Davis, Jill A. (2002). "Girls' poker night : a novel"

=== Collections/humor ===
- 1996 David Letterman’s New Book of Top Ten Lists and Wedding Dress Patterns for the Husky Bride by David Letterman, Steve O'Donnell, et al. ISBN 0-553-10243-5
- 1995 David Letterman’s Book of Top Ten Lists and Zest Lo-Cal Chicken Recipesby David Letterman, Steve O'Donnell, et al. ISBN 0-553-10222-2
- 1996 Home Cookin’ with Dave’s Momby David Letterman, foreword by David Letterman and Jill Davis. ISBN 0-671-00060-8

=== Short stories ===
- 2004 "New York" (in Girls' Night In, ed. Lauren Henderson, Chris Manby, Sarah Mlynowski, ISBN 0-373-25074-6)
- 2004 "Sister Goddess Ruby" (in May Contain Nuts: A Very Loose Canon of American Humor, ed. Michael J. Rosen, ISBN 0-06-051626-7)
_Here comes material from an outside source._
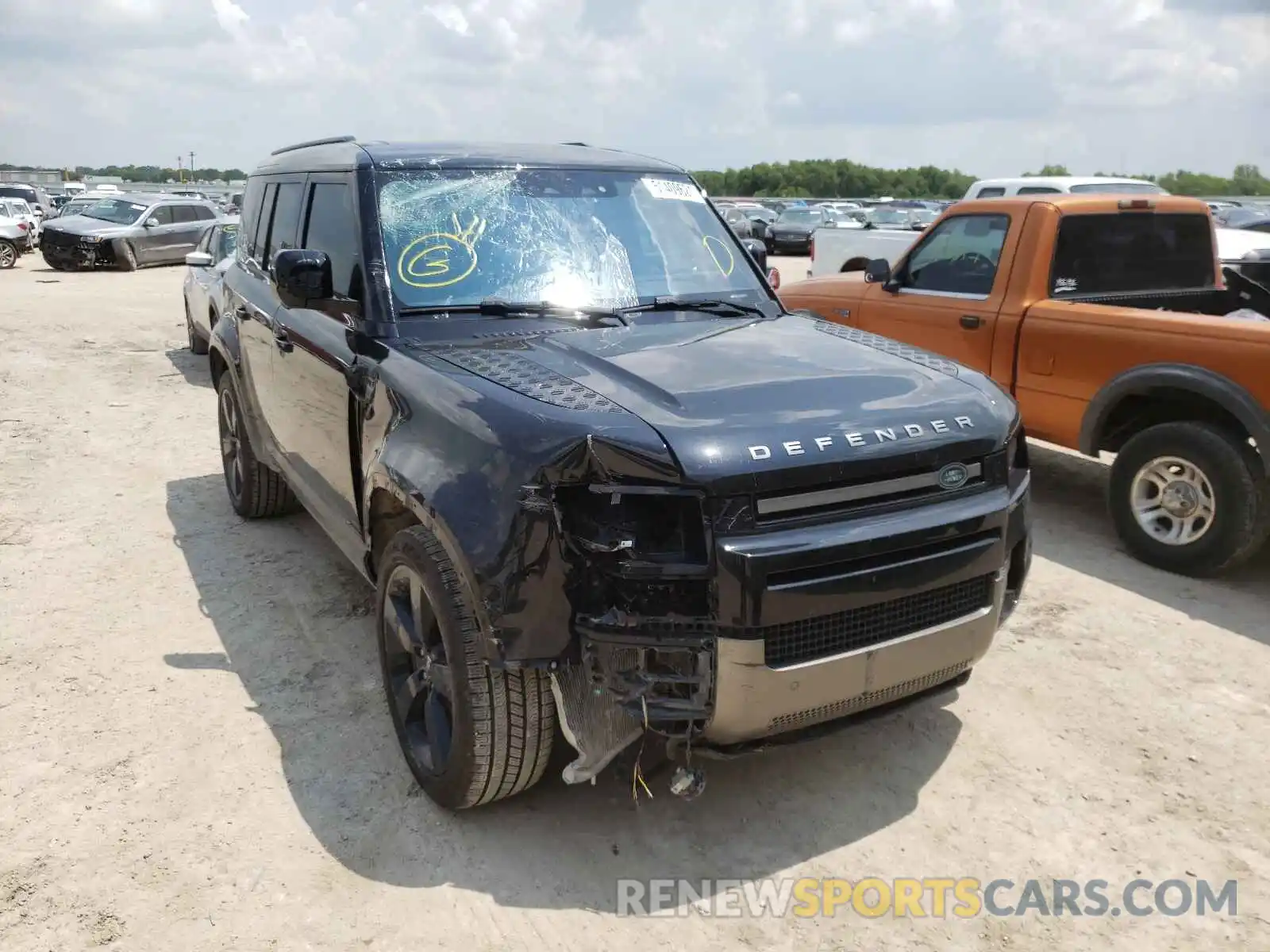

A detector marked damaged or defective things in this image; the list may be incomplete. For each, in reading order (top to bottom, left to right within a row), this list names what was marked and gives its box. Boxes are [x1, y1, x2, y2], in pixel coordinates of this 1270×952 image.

cracked windshield [378, 167, 768, 309]
damaged land rover defender [208, 140, 1029, 809]
dented hood [441, 313, 1016, 492]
=== Television and film ===
- 2000 Drinking, Smoking, Fooling Around, a collection of short stories adapted as monologues (HBO Productions) (writer)
- 1999 Mother's Helper, teleplay (Blue Relief, Inc.; Bob Kosberg Productions & Touchstone Pictures) (writer)
- 1999 Anna Says, sitcom pilot (DreamWorks Television and Lottery Hill Entertainment) (creator, writer, executive producer)
- 1998 The Group, sitcom (Blue Relief, Inc.) (creator, writer, executive producer)
- 1996 The Late Show with David Letterman: Video Special II (CBS) (writer)
- 1995 The Late Show with David Letterman: Video Special (CBS) (writer)
- 1993-1996 The Late Show with David Letterman (CBS) (writer)
- 1992 The Late Show with David Letterman: Tenth Anniversary Special (NBC) (writer)
- 1991-1993 Late Night with David Letterman (NBC) (writer)
- Half Magic, film (Nickelodeon Films) (writer)

=== Articles ===

- Davis, Jill A. (2002). "10 Things You Don't Know About Women"
- "The Reason You're Still Single: Commitmentphobia Isn't Just a Guy Thing" (Cosmopolitan, Sept. 1 2002)
- The Countdown (serialized novella later developed as Ask Again Later, USA Today Open Book, 2008)
- "The North Shore's Literary Treasure, John Updike" (North Shore Life, August–September 1987, Vol VII, No. 4)

== Fellowship ==
The Jill Davis Fellowship is a literary fellowship awarded to an incoming student in the MFA program at New York University's Creative Writing Program.